Remembering the Armistice23 October 2020
At the 11th hour of the 11th day of the 11th month, we pause to remember all those who have served and sacrificed in wars and conflicts across the world. But why is this moment so significant?
It was 5am on 11 November 1918. In a railway carriage in a snowy forest in France, representatives of France, Britain and Germany signed the document that would end four years of bloody conflict. The armistice would come into effect six hours later – at the eleventh hour of the eleventh day of the eleventh month.
News of the armistice reached Britain by 10.20am and was telegraphed to the Australian Governor General: “Most urgent armistice signed 5AM this morning”.
Despite the late hour, the news was greeted with jubilation. The scene in Barcaldine – captured by the Townsville Daily Bulletin – was echoed across the country: The ringing of school, fire and church bells brought out hundreds of people from their beds in all sorts of attire... the gratifying news soon circulated, and the jubilation increased... At 9am, the streets were quite crowded with people who were worked up to a great pitch of excitement.
The joy and relief, though, were tinged with pain and loss. In a nation of less than five million people, hardly a single family was left untouched; more than 60,000 soldiers had been killed and a further 156,000 had been wounded or taken prisoner. Some 23,000 soldiers were missing, and their families would never learn what had happened to their loved ones.
News reaches the Front
At the Front, the mood was subdued. Word of the imminent ceasefire had reached the troops but the fighting continued right to the last. On that final day of conflict, there were almost 11,000 casualties, and 2,738 men died.
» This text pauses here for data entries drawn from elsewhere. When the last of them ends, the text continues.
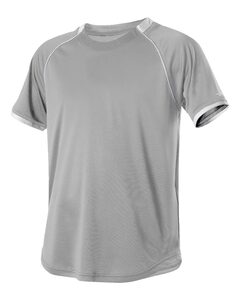Alleson Athletic 508C1 Adult Baseball Jersey Crew Neck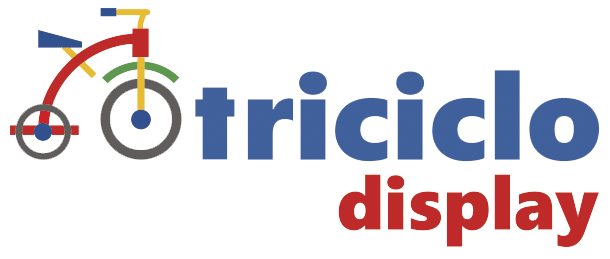 TRICICLO Display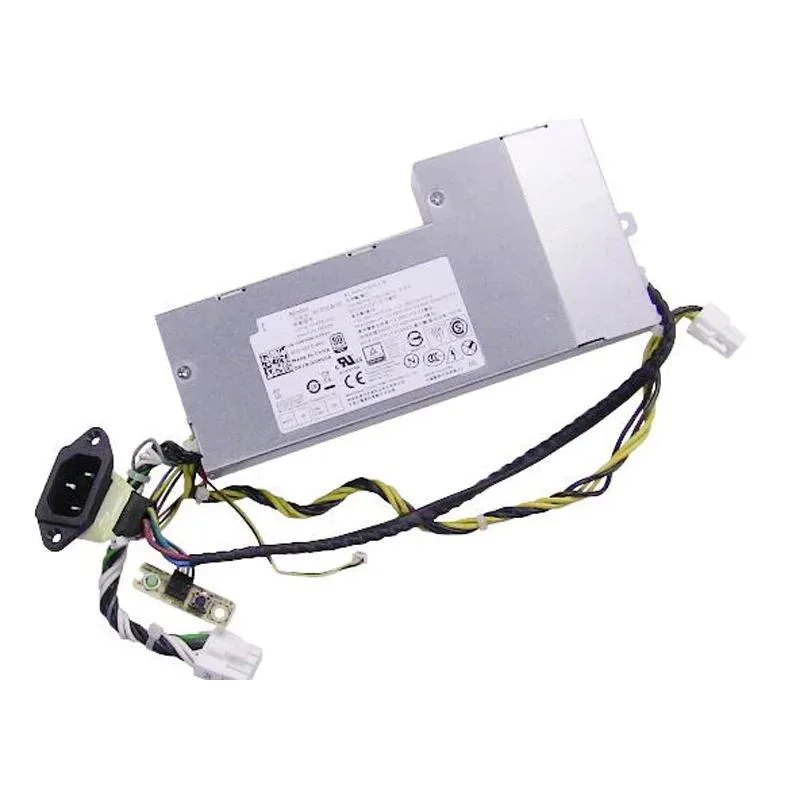 WMtec WMtec 185W server power supply D6V04 467PC HPXJG N28RM — product photo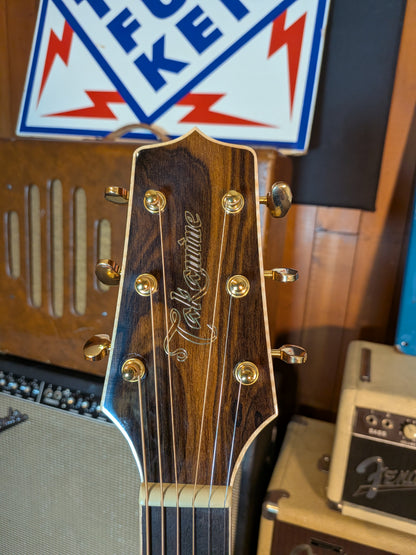Takamine GN90CE-ZC NEX Acoustic/Electric Guitar w/Gig Bag - Gloss Natural (B-Stock)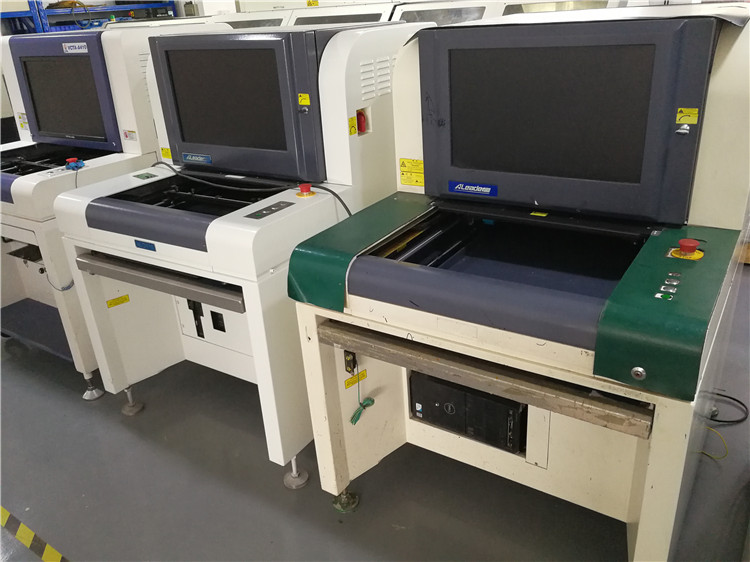 神州ALD525 离线式自动光学检测仪 全自动光学检测设备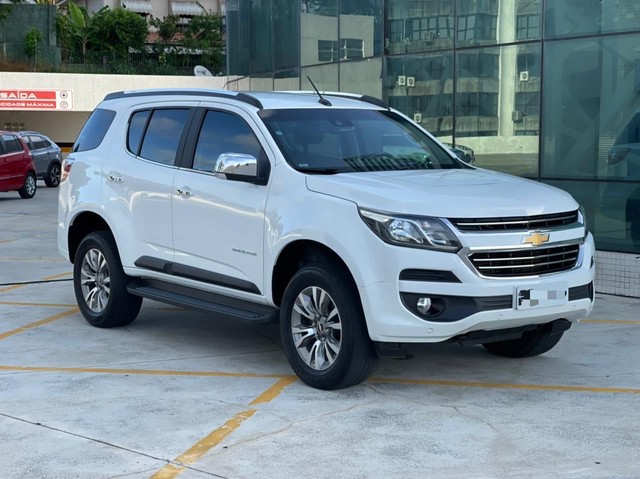 Chevrolet Trailblazer 2019 Perfect Edition II ra mắt Thái Lan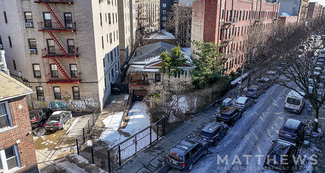 Brooklyn, NY Commercial Land - 1259 E 18th St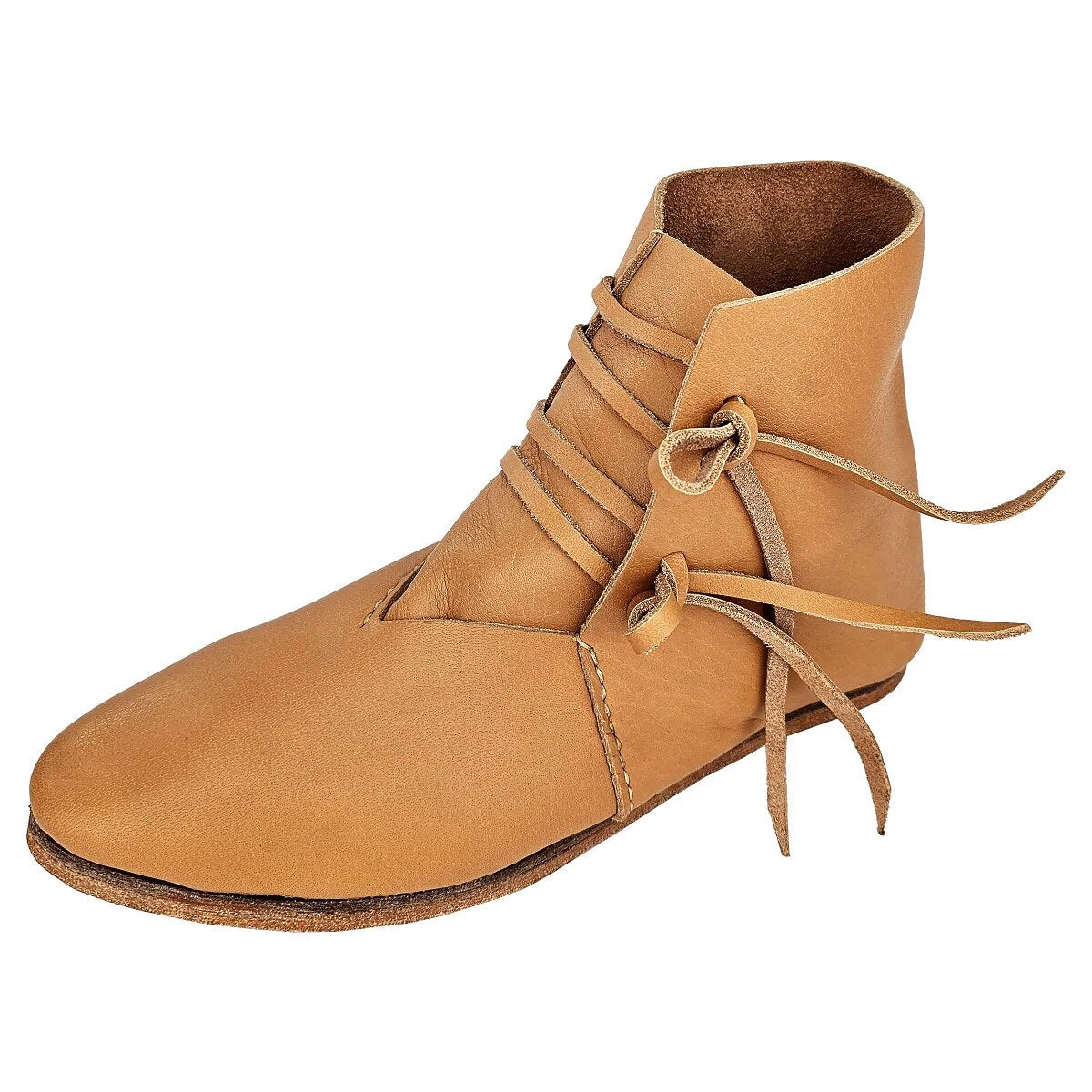 Medieval Ankle Boots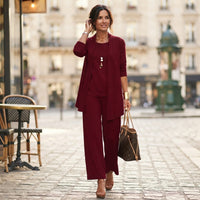 Ensemble veste fluide Carolyn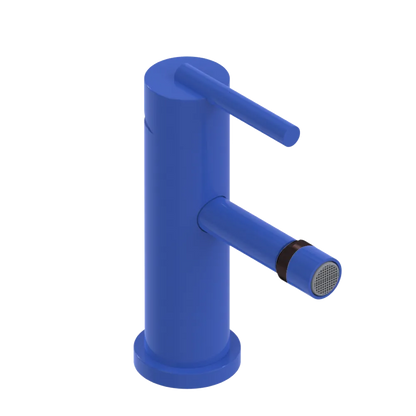 Rubinet Single Control Bidet Fitting (less drain) Blu Jean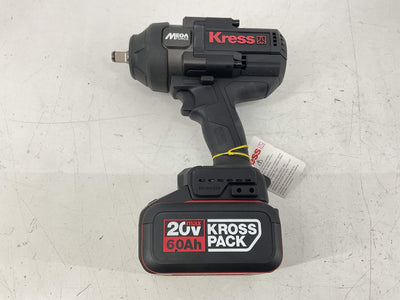 Kit Herramientas Variadas Kress kub33 de segunda mano · Kits de herramientas — Con uso
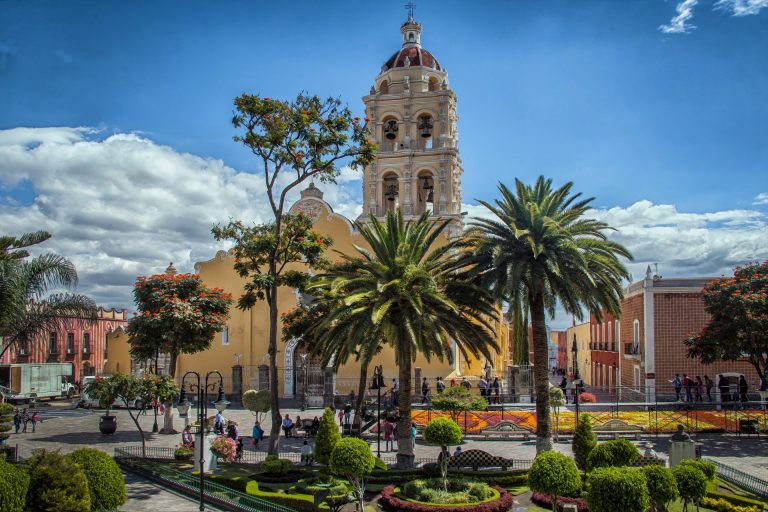 zocalo città del messico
“It was hard to believe the war was over,” Colonel Percy Dobson wrote. “Everything was just the same, tired troops everywhere and cold, drizzly winter weather – just the same as if the war were still on.”
It would take time for the exhausted troops to realise that they had survived and would be returning home. But for many Australian soldiers, it would be months before they saw familiar shores. And many would find that, although they had left the battlefields behind, they had brought the horror of what they had lived through home.
The Treaty of Versailles
Although the armistice ended the fighting, it would take six months of negotiation before the Treaty of Versailles was signed in June 1919.
Australian Prime Minister Billy Hughes had fought for Australia to represent its own interests at the peace conference, arguing the nation had won this right by its disproportional sacrifice during the war. As a result, he and Deputy Prime Minister Joseph Cook both added their signatures to the document – the first time that Australia had signed an international treaty.
Remembering the fallen
In towns and cities all over Australia, memorials and rolls of honour spoke of the terrible toll that ‘the war to end all wars’ had taken on families and communities.
The moment of the ceasefire gradually became associated with the remembrance of those who lost their lives during the war. On the first anniversary of the armistice, King George V asked all the people of the British Empire to stop and observe two minutes’ silence at 11am.
This moment of respect and reflection continues to be observed during commemorative services on Remembrance Day, when we remember all those who have served in the Australian Defence Force, in World War I and in all wars and conflicts since.